Lime Chicken with Lentils and Dried Fruit

Lime Chicken with Lentils and Dried Fruit

 

4 bone in chicken thighs (about 11/4 lb) 

1/4 tsp salt 

1/8 tsp ground allspice 

1/8 tsp ground red pepper 

1 tbsp olive oil 

3/4 C sm green and brown lentils, and a few red lentils, picked over and rinsed 

3 scallions, cut into 1″ diagonal pieces 

4 lg dried peaches (4 oz), cut into thin strips (if not available, substitute about 8 dried apricots) 

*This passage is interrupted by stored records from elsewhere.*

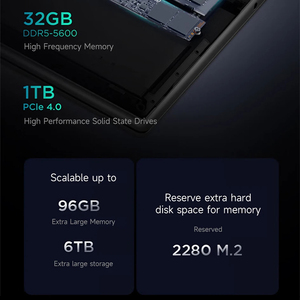โน้ตบุ๊กส่วนบุคคล XiaoXin รุ่นดั้งเดิม ปี 2025 XiaoXin Pro 16C(SE) ชิปประมวลผล Core Ultra 5-225H/Ultra 7-255H แรม 32GB ความจุ 1TB หน้าจอ OLED ขนาด 16 นิ้ว ความละเอียด 2.8K 120Hz - Product Image 2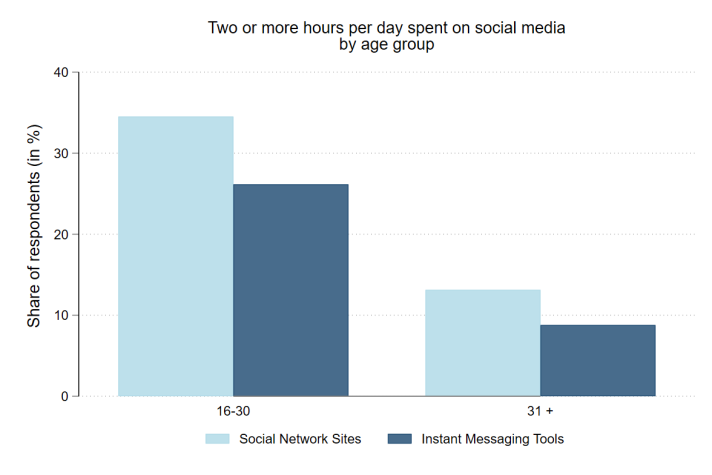 EU LS 2022 - two or more hours per day on social media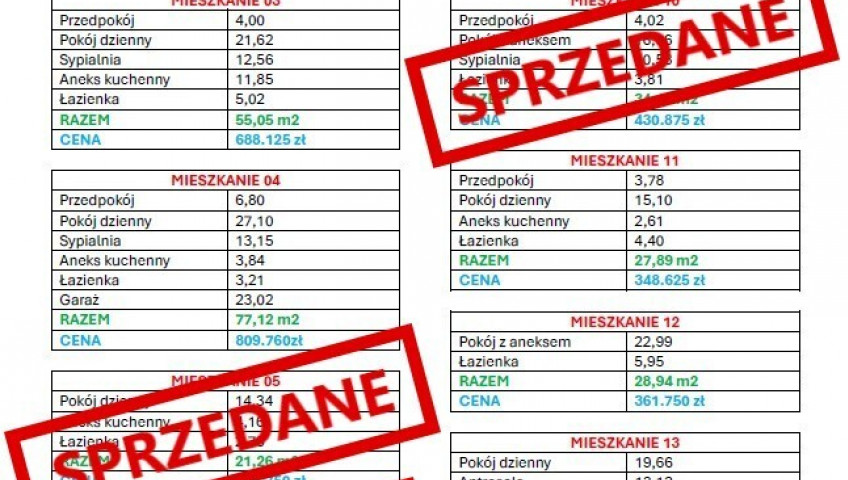Mieszkanie Sprzedaż Ustronie Morskie Rolna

1/2 C dried sour cherries or cranberries 

2 tsp finely chopped crystallized ginger 

1/3 C chopped cilantro 

1 1/2 C reduced sodium chicken broth 

4 tsp finely grated lime zest 

1 tbsp fresh lime juice 

lime wedges (garnish) 

 

Preheat oven to 350ºF. Season chicken with half of the salt, allspice, and pepper. In ovenproof Dutch oven, heat oil over medium high heat. Cook chicken about 5 minutes on each side until browned. Transfer to plate. Add lentils, scallions, peaches, cherries, ginger, half of the cilantro, and the remaining salt, allspice, and pepper. Cook, stirring, 2 minutes. Pour in broth. Return chicken to Dutch oven and submerge. Bring to a boil over high heat. Remove from heat, cover, and bake 35 minutes. Uncover and bake 30 minutes longer or until lentils are cooked through. Remove chicken skins. Stir lime zest and juice into lentil mixture. Arrange lentils on serving plates, top with chicken, and sprinkle with the remaining cilantro. Garnish with lime wedges.

 

Yield: 4 servings

Calories: 343

Fat: 7g

Fiber: 14g

Spinach Stuffed Chicken Roulade

Spinach Stuffed Chicken Roulade

 

2 cups (2 ounces) baby spinach 

1/4 cup finely chopped onion 

2 teaspoons olive oil, divided 

1 teaspoon minced garlic 

1/3 teaspoon red-pepper flakes 

1 tablespoon water 

1/4 cup (1 ounce) grated parmesan cheese 

2 tablespoons chopped dry-packed sundried tomatoes 

4 chicken cutlets (about 4 ounces each) or chicken breast halves, trimmed and pounded thin into cutlets 

1/2 cup chicken broth or dry white wine 

 

Place the spinach in a large nonstick skillet with the washing water clinging to the leaves or a tablespoon or two of water if dried. Cover and cook for 2 minutes, tossing occasionally, or until wilted. Drain and press firmly with the back of a spoon or squeeze to remove excess moisture. There should be 1/2 cup spinach. Wipe out the skillet. Meanwhile, in a medium nonstick skillet, combine the onion, 1 teaspoon oil, garlic, red-pepper flakes, and 1 tablespoon water. Turn the heat to medium. Cook for about 2 minutes, or until the onion sizzles. Reduce the heat to low. Cover and cook, stirring once, for about 3 minutes, or until softened. In a small bowl, combine the onion mixture, cheese, and spinach. Stir to mix. Set aside. Sprinkle the tomatoes evenly on the smooth side of the cutlets. Divide the spinach mixture among the cutlets. Spread to the edges of 3 sides, leaving about 1″ at the narrow tip free of spinach mixture. Loosely roll up the chicken, ending with the narrow tip, and secure with wooden picks. Add the remaining 1 teaspoon oil to the large skillet and set over medium heat. Place the chicken in the pan. Cook, turning, for about 10 minutes, or until golden brown on all sides. Add the broth or wine, cover, and cook over low heat for about 7 minutes. Uncover and transfer chicken to a serving platter. Cover with foil to keep warm. Boil the skillet juices for about 5 minutes, or until reduced to a glaze. Diagonally slice the chicken into 1″-thick pieces. Drizzle with pan juices and serve.

 

Yield: 4 servings

Calories: 194

Fat: 7g

Fiber: 2g

Blue Tortilla Chicken with Corn Salad

Blue Tortilla Chicken with Corn Salad

 

4 boneless, skinless chicken breasts (4 ounces each) 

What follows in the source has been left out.